» Work item: Leave out all pictures. Return exactly the lines from the top of the material through the line containing "Used 2024 Toyota Corolla LE FWD image 30".

» Material provided:
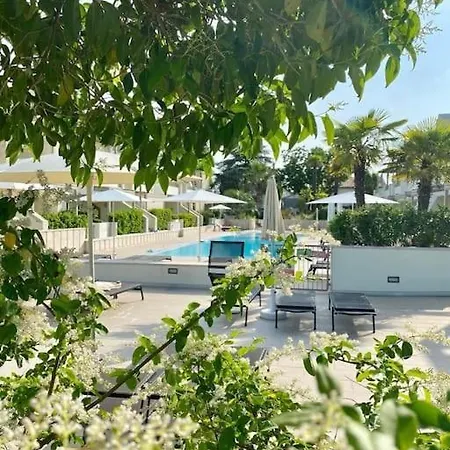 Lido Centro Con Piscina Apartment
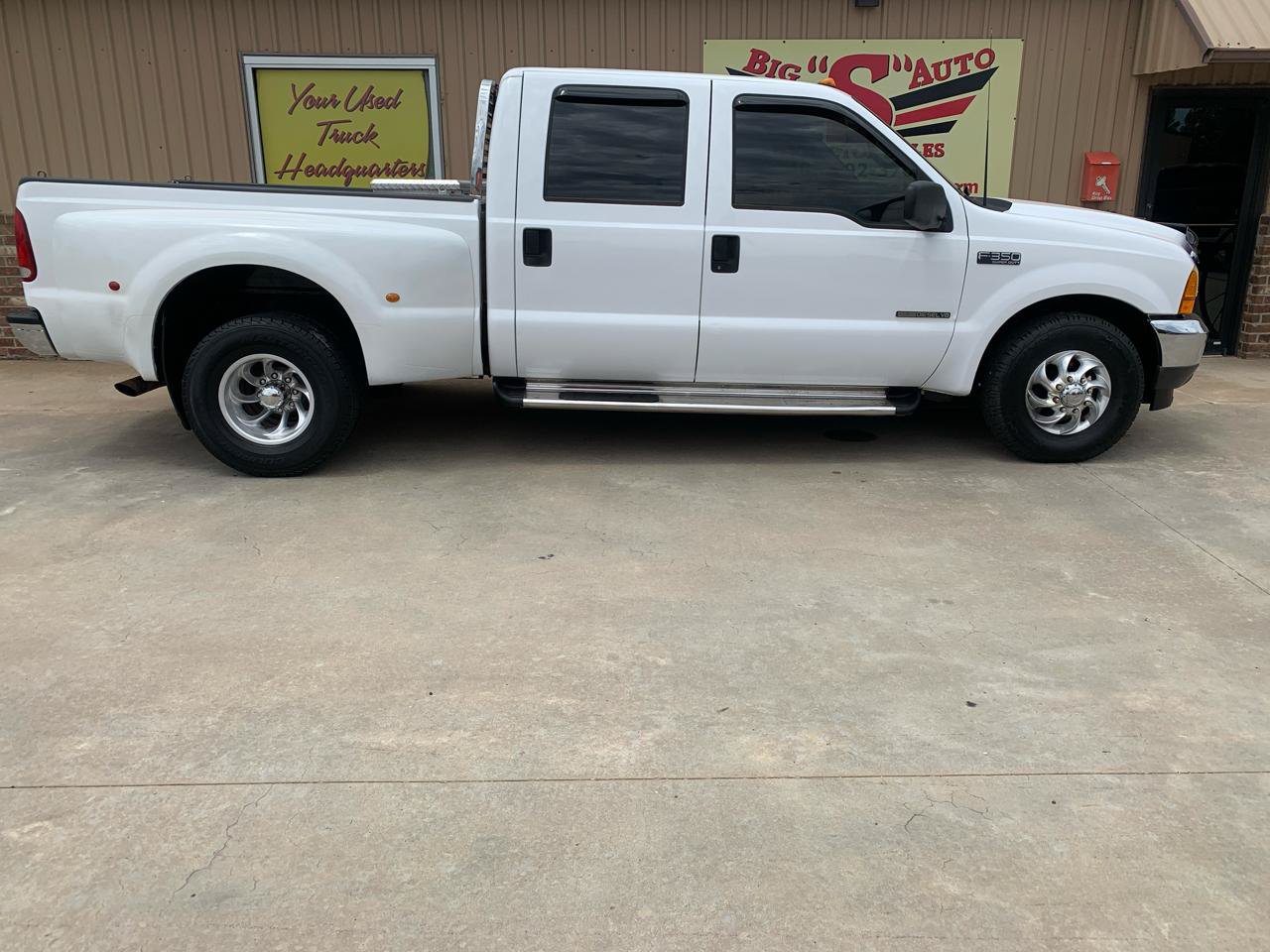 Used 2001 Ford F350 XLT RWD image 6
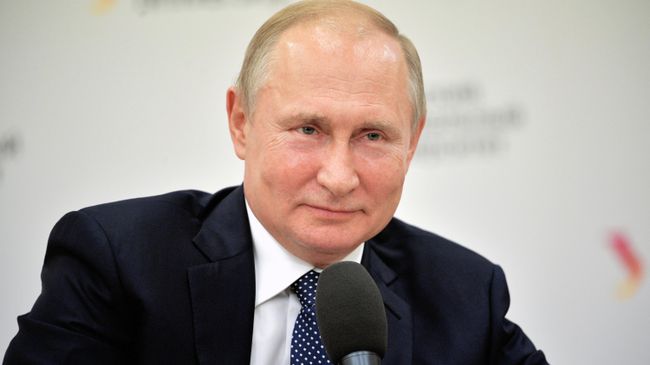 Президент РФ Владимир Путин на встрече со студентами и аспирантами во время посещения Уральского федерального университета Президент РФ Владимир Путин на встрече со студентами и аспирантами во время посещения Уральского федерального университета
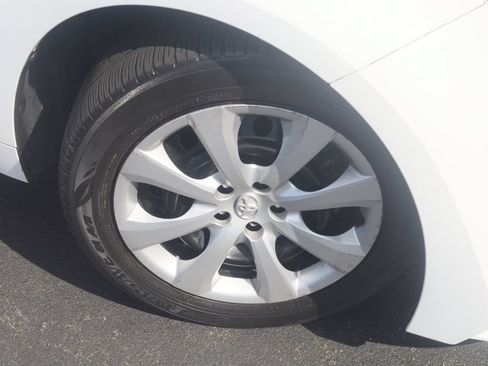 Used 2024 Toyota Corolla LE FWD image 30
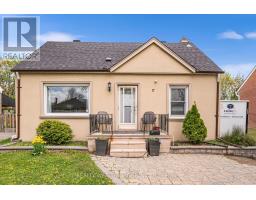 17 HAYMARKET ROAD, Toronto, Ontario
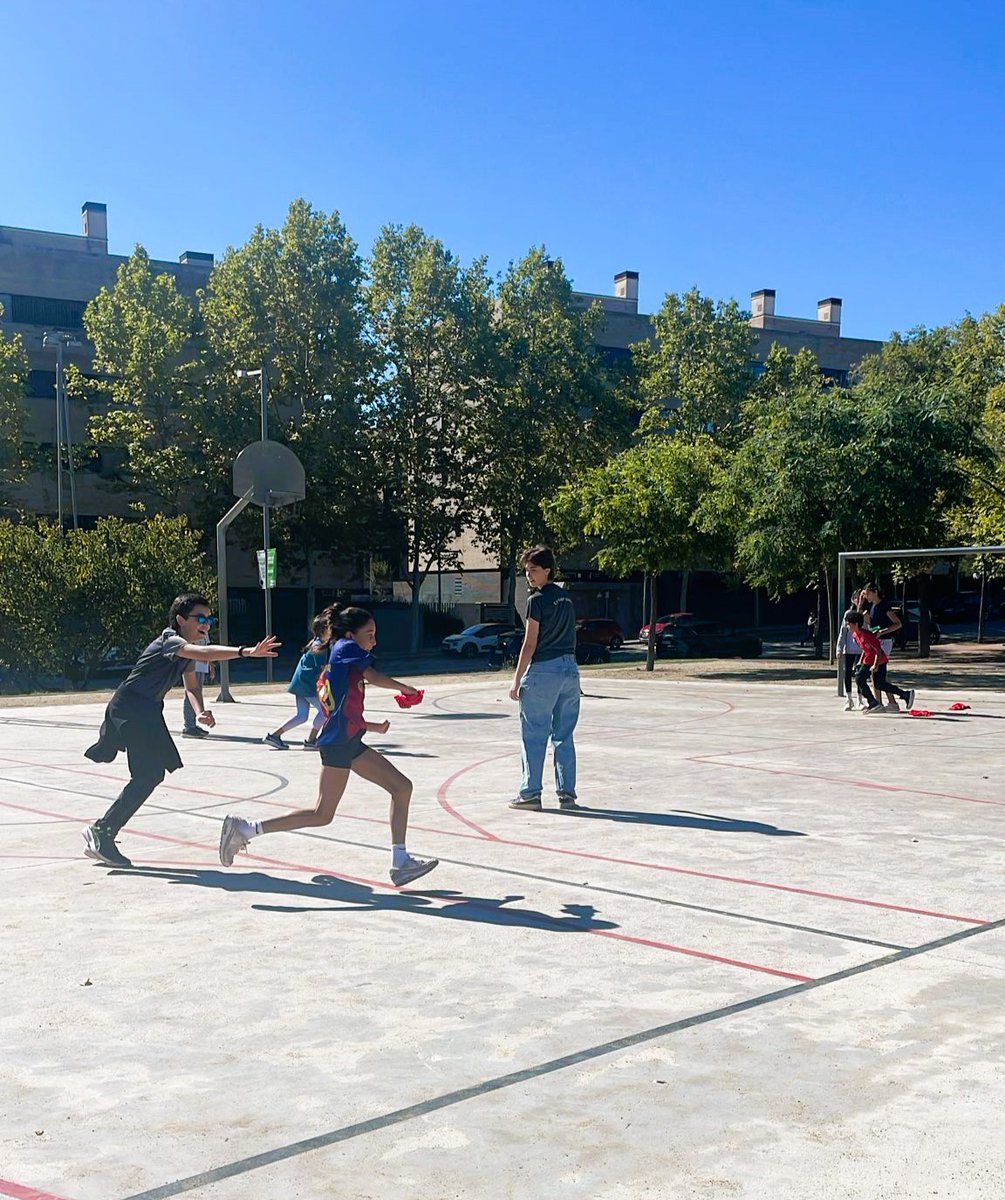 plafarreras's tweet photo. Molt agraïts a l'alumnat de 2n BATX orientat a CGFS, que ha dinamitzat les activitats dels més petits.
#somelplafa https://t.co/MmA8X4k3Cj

» Result for this exercise:
 Lido Centro Con Piscina Apartment
 Used 2001 Ford F350 XLT RWD image 6
 Президент РФ Владимир Путин на встрече со студентами и аспирантами во время посещения Уральского федерального университета Президент РФ Владимир Путин на встрече со студентами и аспирантами во время посещения Уральского федерального университета
 Used 2024 Toyota Corolla LE FWD image 30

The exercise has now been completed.